Monday 13 June 2011

Role of Independent board directors in Indian companies

A recent article in Economic times reveals that following the takeover of scam-hit firm Satyam by Tech Mahindra in 2010, Mahindras are now contemplating to sue the company's erstwhile independent directors to recover Rs 11 million paid as commission to non-executive directors during the financial year 2008-09. Each of Satyam's former independent directors were paid a commission of Rs 12 lakh over and above sitting fees for the financial year 2008-09.

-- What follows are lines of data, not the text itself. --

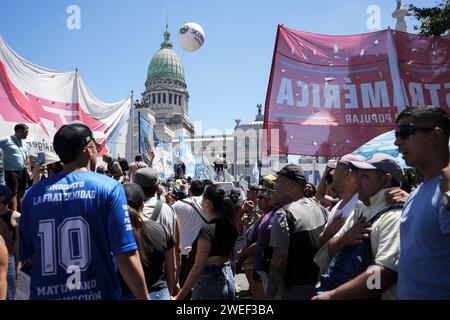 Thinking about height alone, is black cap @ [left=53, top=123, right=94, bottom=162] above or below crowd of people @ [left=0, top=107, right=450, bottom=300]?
above

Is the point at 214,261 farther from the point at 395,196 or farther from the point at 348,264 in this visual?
the point at 395,196

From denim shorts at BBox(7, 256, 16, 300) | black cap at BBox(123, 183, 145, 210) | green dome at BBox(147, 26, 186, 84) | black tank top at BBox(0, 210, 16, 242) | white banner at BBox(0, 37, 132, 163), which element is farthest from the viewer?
green dome at BBox(147, 26, 186, 84)

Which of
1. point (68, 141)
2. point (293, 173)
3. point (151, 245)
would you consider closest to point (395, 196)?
point (293, 173)

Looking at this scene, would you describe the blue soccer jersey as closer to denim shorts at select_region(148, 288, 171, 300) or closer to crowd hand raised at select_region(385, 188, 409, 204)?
denim shorts at select_region(148, 288, 171, 300)

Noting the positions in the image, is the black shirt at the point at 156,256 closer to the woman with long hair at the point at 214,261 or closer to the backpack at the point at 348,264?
the woman with long hair at the point at 214,261

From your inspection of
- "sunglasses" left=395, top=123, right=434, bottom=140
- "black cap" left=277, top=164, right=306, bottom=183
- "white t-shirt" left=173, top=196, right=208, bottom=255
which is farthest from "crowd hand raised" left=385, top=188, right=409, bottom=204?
"white t-shirt" left=173, top=196, right=208, bottom=255

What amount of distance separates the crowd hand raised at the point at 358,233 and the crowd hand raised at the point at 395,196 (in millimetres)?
214

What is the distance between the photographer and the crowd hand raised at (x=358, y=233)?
2.30 m

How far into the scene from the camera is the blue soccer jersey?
2.17 m

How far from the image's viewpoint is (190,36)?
45.0ft

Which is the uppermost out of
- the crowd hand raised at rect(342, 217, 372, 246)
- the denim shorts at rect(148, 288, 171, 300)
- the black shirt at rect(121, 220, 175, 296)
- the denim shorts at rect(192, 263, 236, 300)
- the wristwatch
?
the wristwatch

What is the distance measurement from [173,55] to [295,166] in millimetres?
99045

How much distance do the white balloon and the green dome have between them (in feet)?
278

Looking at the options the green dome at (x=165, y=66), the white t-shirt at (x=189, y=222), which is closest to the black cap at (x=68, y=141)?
the white t-shirt at (x=189, y=222) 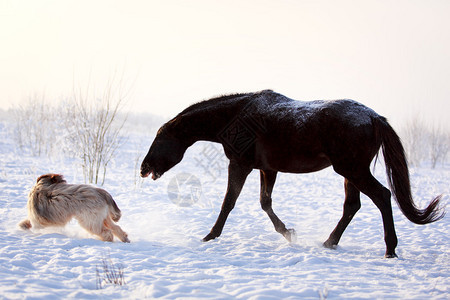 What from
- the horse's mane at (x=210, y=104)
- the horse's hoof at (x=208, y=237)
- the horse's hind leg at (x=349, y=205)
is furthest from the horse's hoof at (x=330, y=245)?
the horse's mane at (x=210, y=104)

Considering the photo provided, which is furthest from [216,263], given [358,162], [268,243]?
[358,162]

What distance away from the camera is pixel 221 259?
3443 millimetres

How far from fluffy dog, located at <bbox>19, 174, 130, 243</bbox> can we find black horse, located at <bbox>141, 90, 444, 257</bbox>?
38.5 inches

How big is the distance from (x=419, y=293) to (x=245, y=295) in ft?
4.55

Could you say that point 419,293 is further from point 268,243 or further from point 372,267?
point 268,243

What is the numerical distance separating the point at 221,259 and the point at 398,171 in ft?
8.17

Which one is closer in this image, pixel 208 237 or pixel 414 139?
pixel 208 237

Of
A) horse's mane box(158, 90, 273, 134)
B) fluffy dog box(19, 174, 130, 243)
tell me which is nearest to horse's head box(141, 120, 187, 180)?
horse's mane box(158, 90, 273, 134)

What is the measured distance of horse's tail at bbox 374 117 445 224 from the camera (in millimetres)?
4039

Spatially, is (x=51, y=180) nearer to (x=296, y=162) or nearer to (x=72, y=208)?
(x=72, y=208)

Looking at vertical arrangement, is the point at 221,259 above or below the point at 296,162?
below

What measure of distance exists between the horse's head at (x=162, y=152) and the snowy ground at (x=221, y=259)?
0.99 meters

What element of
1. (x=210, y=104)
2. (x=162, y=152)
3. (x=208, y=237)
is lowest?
(x=208, y=237)

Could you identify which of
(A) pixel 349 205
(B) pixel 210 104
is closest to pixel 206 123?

The independent directors of Satyam included renowned people like management guru Krishna G Palepu, Pentium chip innovator Vinod Dham, former Indian School of Business dean Prof Mendu Rammohan Rao, former cabinet secretary TR Prasad, former IIT Delhi director V S Raju and US-based academician Mangalam Srinivasan. It is ironical to note that in the presence of such eminent independent directors, the company’s founder Ramalinga Raju could manage to fudge the company's accounts for several years. This brings into question the role of the board, independence of the so called independent directors and the equation that they share with the company’s management and other stakeholders.
The corporate governance systems in different countries vary depending upon the legal set up, social and cultural values, and the structure of capital markets. The shareholder centric model of corporate governance in US and UK was created based on common law, which associates an equal or even higher weight to past precedential court decisions on similar cases, as to the statutes passed by legislative bodies. In the Anglo Saxon model followed, a unitary board of executive and non executive directors serves as the controlling mechanism to ensure that management act in the interest of shareholders of publicly traded corporations and pass on the profits to them. The corporate environment in India is very similar to that in the UK, having been built from the legal foundations and legacies of the UK. India is pre-eminently a common law country with a well developed system of law and justice. Similar to the UK and the US, the Indian regulations focus on the role of the board as the bridge between owners and management.
Taking into account the existence of concentrated and controlling shareholders in India, the amended Clause 49 of SEBI guidelines seeks to moderate this particular influence by the presence of majority of independent directors. Clause 49 requires that at least half of the board directors should be independent in companies where chairman is an executive and one third of the board directors should be independent in companies where chairman is a non- executive. Why is it that in spite of majority of independent directors, the Satyam boards of directors acted as silent spectators and were largely ineffective in monitoring the actions of management? To some extent to this behaviour can be attributed to the process through which the directors come on the board. The directors are generally brought in by the promoters and management; therefore they could look upon themselves as having responsibility to the promoters rather than to the outside shareholders. As a result, the boards of directors may remain passive or largely function as mouth- speak of the management.
In India, family run companies continue to dominate the corporate landscape. In most family controlled businesses, the managerial control of the business is often in the hands of the members of the family, who either own the majority stake, or maintain control through the aid of other block holders like financial institutions. The interests of the promoters, who are the majority shareholders, need not coincide with those of the other minority shareholders. This can lead to expropriation of minority shareholder value through actions like “tunneling” of corporate gains or funds to other corporate entities within the group. Under such circumstances, the directors who are friends and allies of the promoters may opt to confess incompetence and ignorance rather than to disturb the family based governance structures of Indian companies. When Dr Rao, the dean of the prestigious BSchool resigned from Satyam board, he was reported to have acknowledged of having no prior knowledge of the scam and was said to be stunned by the revelations of Ramalinga Raju.
Such instances of failure in corporate governance highlight the need for more changes to the existing systems. While the corporate governance framework established in India is robust and in principle as effective as those of the UK and US, the effectiveness of enforcement of the framework still remains an interesting empirical question.